Un concept pour le décrire : l’espace rural rurbanisé

(Laurence Thomsin)


Résumé

Il existe une dynamique propre des espaces ruraux qui ne se laisse pas interpréter à partir de l’impact seul des évolutions urbaines sur le monde rural. Les concepts classiques d’urbanisation des campagnes, de péri-urbanisation sont des concepts qui pensent l’évolution du rural comme simple conséquence de mécanismes d’urbanisation au sens morphologique et fonctionnel du terme. Critique conceptuelle et éléments empiriques sont ici exposés pour valider l’idée qu’un rapport spécifique à l’espace, notamment rural, se construit à partir d’une extension des formes de mobilité se traduisant par des modes d’habiter, des territoires, des formes culturelles spécifiques traduisant une intégration à la modernité qui n’est pas simple assimilation à l’urbain.

Abstract

The concept of semi-urban rural areas

Rural areas have their own dynamics that cannot be interpreted only by the impact of urban evolution on the rural world. Classical concepts of urbanisation of the countryside, of peri-urbanisation, are concepts that consider rural evolution as merely a consequence of urbanisation mechanisms in the morphological and functional sense of the term. In this paper, conceptual criteria and empirical elements are exposed with a view to validating the following: that a specific relation to space, particularly rural, is constructed from an the extension of forms of mobility translated by habitation modes, territories and specific cultural forms translating an integration into modernity that is not simply  assimilated to the urban model.


 

Texte Intégral

 

 

 

Des recherches récemment entreprises sur l’espace rural du nord-ouest européen révélant de nouveaux aspects d’occupation et de transformations du territoire et de ses composantes 1, nous mesurons à l’aube du XXIe siècle toute l’importance d’argumenter l’utilisation de termes à signification précise pour désigner les processus affectant tout ou partie de ce territoire.

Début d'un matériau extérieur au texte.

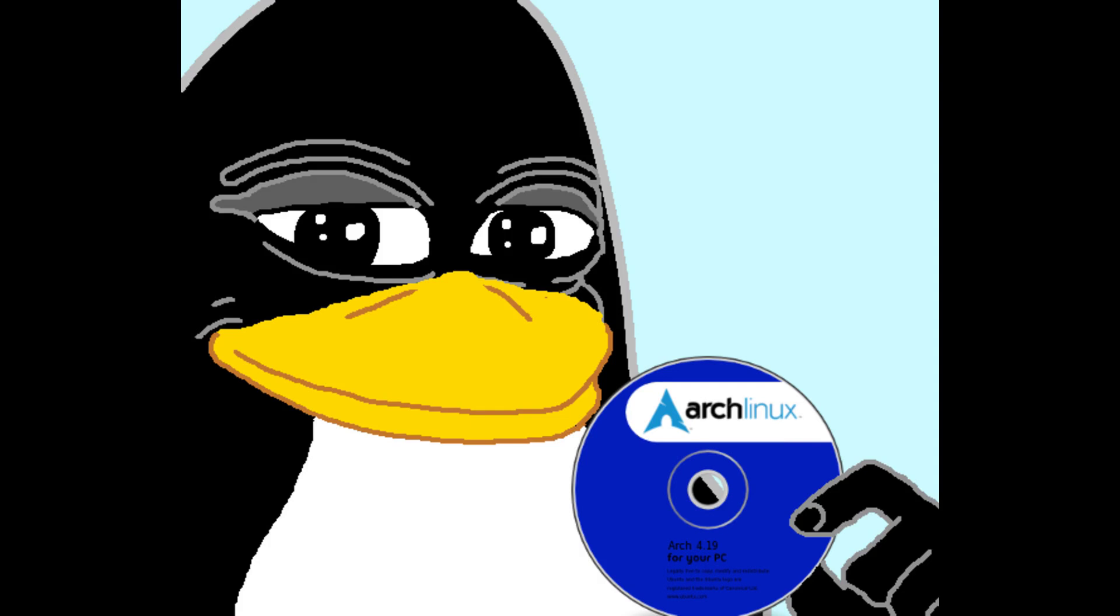There's been this meme going around for a long time about how hard Arch Linux is to set up and use. Depending on how much of the meme you've heard, you might be thinking that installing Arch Linux is going to be this arduous process.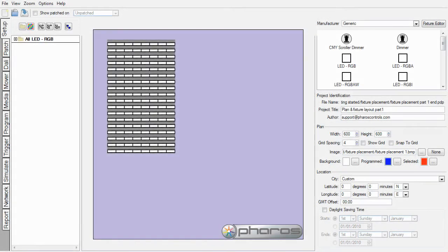Hello and welcome to this Pharos Designer screencast. My name is Liz. As part of the Getting Started series, this tutorial will cover further fixture layout features and advanced plan tools.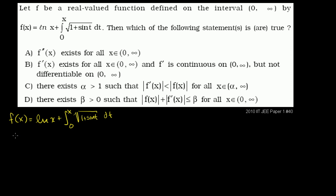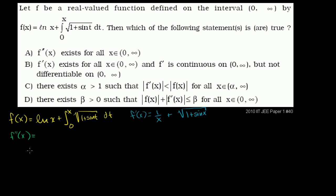The derivative of f: f prime of x is going to equal the derivative of the first term. The derivative of natural log of x is 1 over x. And then by the fundamental theorem of calculus, the derivative of the integral term is just the inside expression evaluated at x, so plus the square root of 1 plus sine of x. Now let's get the second derivative. f double prime of x equals the derivative of 1/x, which is x to the negative 1, giving negative x to the negative 2, or negative 1 over x squared.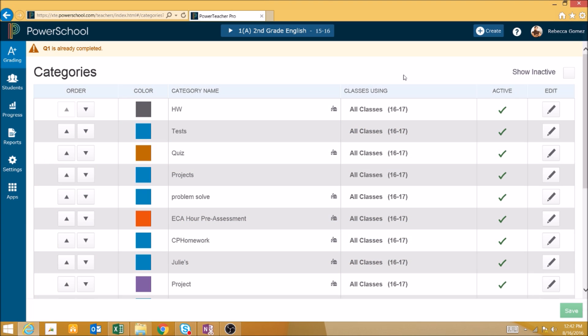Creating categories in PowerTeacher Pro is a simple process. First, click on the Create button in the upper part of the screen, and then click on Category.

Jugeant opportune la conceptualisation, sous le terme rurbanisation, l’ensemble des processus initiateurs de dynamiques nouvelles animant au cours des dernières décennies les espaces ruraux caractérisés notamment par des faibles densités, nous nous proposons de prendre du champ par rapport aux notions couramment utilisées — telles l’urbanisation des campagnes versus la métropolisation, la péri-urbanisation voire encore la contre-urbanisation —, à mettre en évidence leur contenu idéologique, souvent périmé en rapport aux faits réels et, pour ce qui concerne la rurbanisation, à les (re)formaliser à partir de concepts clairs. Seule cette démarche nous permettra d’avancer dans l’identification et la désignation des nouvelles formes spatiales du rural, contribuant par là aux recherches d’une géographie contemporaine, sensible non plus aux espaces bien limités (la ville) mais aux espaces en marge et à l’indéterminé (la campagne). Plus encore, cette démarche descriptive devra aussi contribuer aux recherches d’une sociologie du rural, non plus sensible aux seules populations agricoles ou agraires mais à l’ensemble de comportements démographiques nouveaux relatifs à la nouvelle composition de ses domiciliés à propos desquels nous supposons que l’espace rural plus que tout autre est devenu l’observatoire privilégié d'expression de modes et d’exigences de vie innovateurs, en relation à la vie familiale, à la vie professionnelle, aux loisirs, à l’environnement et au réseau relationnel.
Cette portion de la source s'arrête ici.